------ DATASET CONTENT

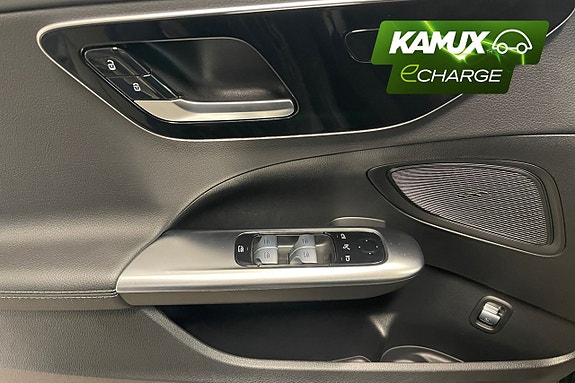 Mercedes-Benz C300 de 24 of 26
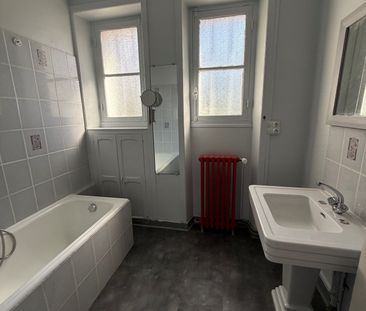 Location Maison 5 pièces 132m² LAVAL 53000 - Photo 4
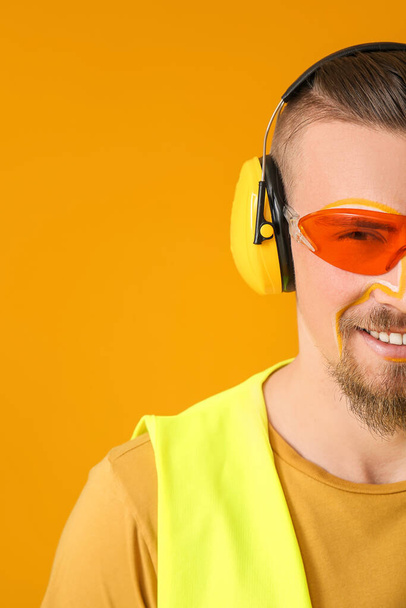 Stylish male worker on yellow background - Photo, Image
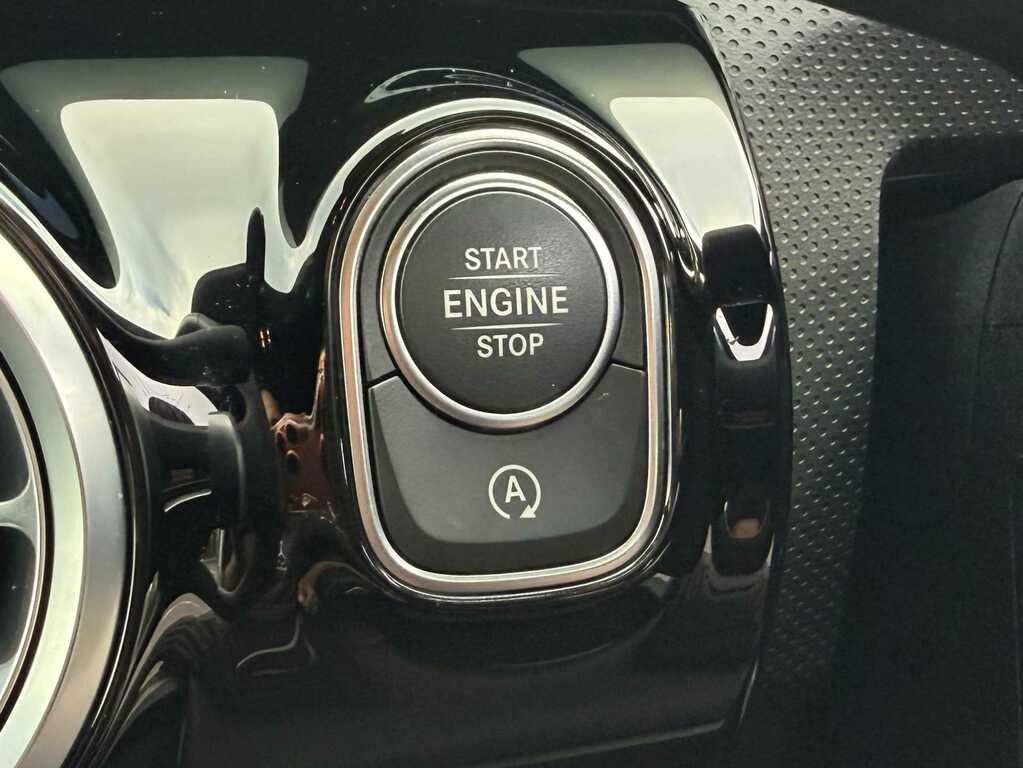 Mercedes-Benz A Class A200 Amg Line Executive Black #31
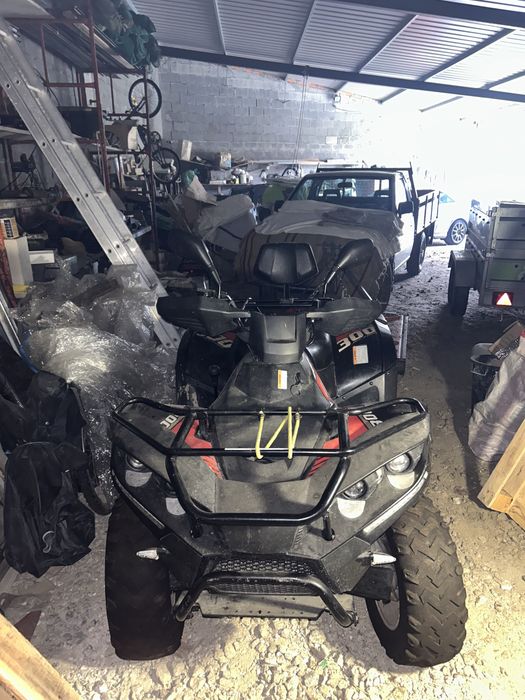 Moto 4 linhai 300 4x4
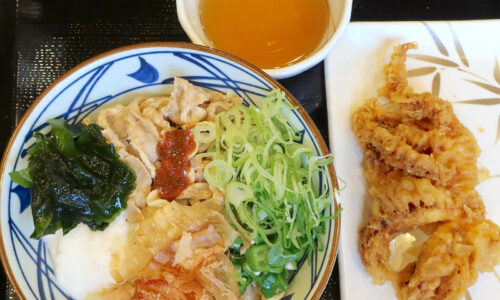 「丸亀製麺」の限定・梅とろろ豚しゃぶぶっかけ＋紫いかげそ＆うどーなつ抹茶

------------

* _WHAT TO DO_:
Every line from the one containing "Moto 4 linhai 300 4x4" to the final line of the records should be duplicated exactly; no picture is to be copied.

* _RESULT OF THE EXERCISE_:
 Moto 4 linhai 300 4x4
 「丸亀製麺」の限定・梅とろろ豚しゃぶぶっかけ＋紫いかげそ＆うどーなつ抹茶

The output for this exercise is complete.